■ INSTRUCTIONS TO FOLLOW: What you give back should be exactly the lines from the one with "Aisha Nowak online show from 03/04/25, 08:27" through the end of the data, without the pictures.

■ DATA EXTRACT:
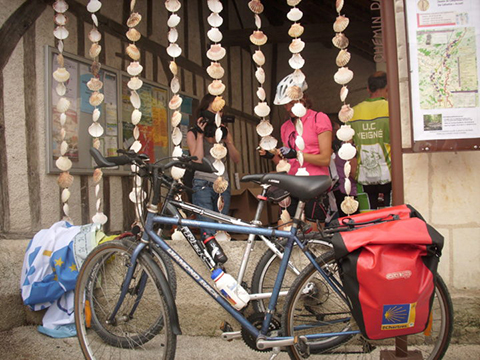 vue de plusieurs vélos garés devant un lieu de rencontres saint-jacques de compostelle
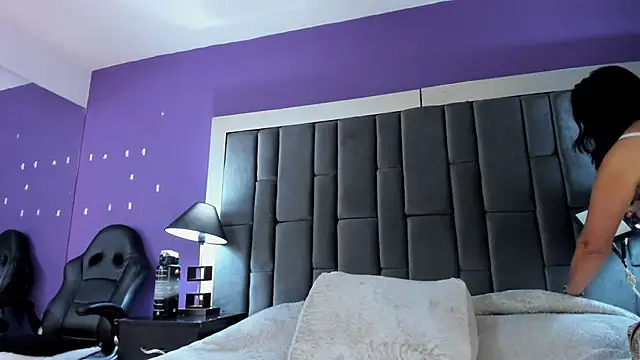 Aisha Nowak online show from 03/04/25, 08:27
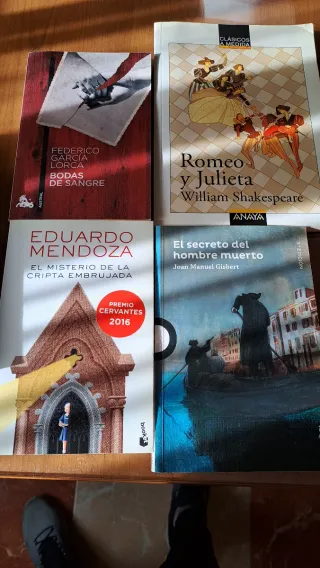 Cada libro 3 euros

■ EXERCISE OUTPUT:
 Aisha Nowak online show from 03/04/25, 08:27
 Cada libro 3 euros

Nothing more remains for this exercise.